You, Me and Dupree alternative plotline. How I really wished it went.

You, Me and Dupree was a fascinating film for it's lessons on Hollywood's How-To-Write-A-Popular-Comedy inventory sheets and the lowest current demoniator masculinity issues of the beginning of the 21st century. It will be studied in history and sociology classes in the future. Well, so I see it.

I also had ideas prepared for King Kong (shudder), Inglorious Basterds (at the request of another 24hour comic-er) and X-Men 3 (shudder again). This was the closest I came to finishing one.


Ed Wood as the Dickens-esque Ghost of Artist Integrity
I fucking love Ed Wood. He was the perfect character who could provide a breach from reality to the surreal and fantasy in this comic, as Jack Temple travels through time and space to make all the movies he hates not crap. Also yes I am implying that aspies have super powers, because they do :)

The Elemental Causes that kill Artist Integrity in the movies.
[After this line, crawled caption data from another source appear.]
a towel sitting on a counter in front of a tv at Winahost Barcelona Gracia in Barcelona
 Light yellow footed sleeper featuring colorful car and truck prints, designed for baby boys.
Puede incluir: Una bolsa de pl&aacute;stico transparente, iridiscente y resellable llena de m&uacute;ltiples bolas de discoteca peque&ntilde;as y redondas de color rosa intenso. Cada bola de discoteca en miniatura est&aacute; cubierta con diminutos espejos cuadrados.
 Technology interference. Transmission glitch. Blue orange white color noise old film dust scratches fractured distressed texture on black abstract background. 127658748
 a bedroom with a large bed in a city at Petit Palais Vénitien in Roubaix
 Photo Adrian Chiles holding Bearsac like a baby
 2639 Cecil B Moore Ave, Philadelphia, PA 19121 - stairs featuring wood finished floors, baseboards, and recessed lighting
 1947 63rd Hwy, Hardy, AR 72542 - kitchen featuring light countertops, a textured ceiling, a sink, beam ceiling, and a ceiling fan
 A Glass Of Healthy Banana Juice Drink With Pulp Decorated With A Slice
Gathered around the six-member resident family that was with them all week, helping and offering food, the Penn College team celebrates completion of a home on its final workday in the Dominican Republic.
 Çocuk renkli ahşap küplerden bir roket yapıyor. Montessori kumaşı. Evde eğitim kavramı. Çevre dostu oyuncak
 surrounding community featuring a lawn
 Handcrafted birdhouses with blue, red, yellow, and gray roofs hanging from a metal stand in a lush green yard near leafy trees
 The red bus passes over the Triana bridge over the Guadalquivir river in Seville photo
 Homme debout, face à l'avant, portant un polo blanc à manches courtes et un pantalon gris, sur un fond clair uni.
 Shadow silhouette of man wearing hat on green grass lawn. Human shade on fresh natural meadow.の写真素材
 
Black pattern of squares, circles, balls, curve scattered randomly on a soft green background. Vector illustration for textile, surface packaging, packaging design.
Seeing as the Phantom Tollbooth made me, I like to turn abstract concepts that effect personality and happiness into cartoony manifestations. Here are the 4 (I had yet to draw number three) causes of all films going to crap, in my opinion. The conflict here is that all of these causes are traits that aspergers as a syndrome fight against every day -> being aspergers means that you often don't understand a lot of jokes and sarcasm or take everything very literally, constant distraction and often ADD are part of everyday life, and aspies can be super naive and fall trap to manipulation easily (which they also often can't understand or fathom).


This idea definitely got a bit too heavy for the method I chose to deal with it. And too dense. But I would LOVE to make this idea my first definitive comic project. A comic dealing with aspergers primarily, and with surreal and fantasy elements, and the often sexist, racist, classist agenda in popular film culture.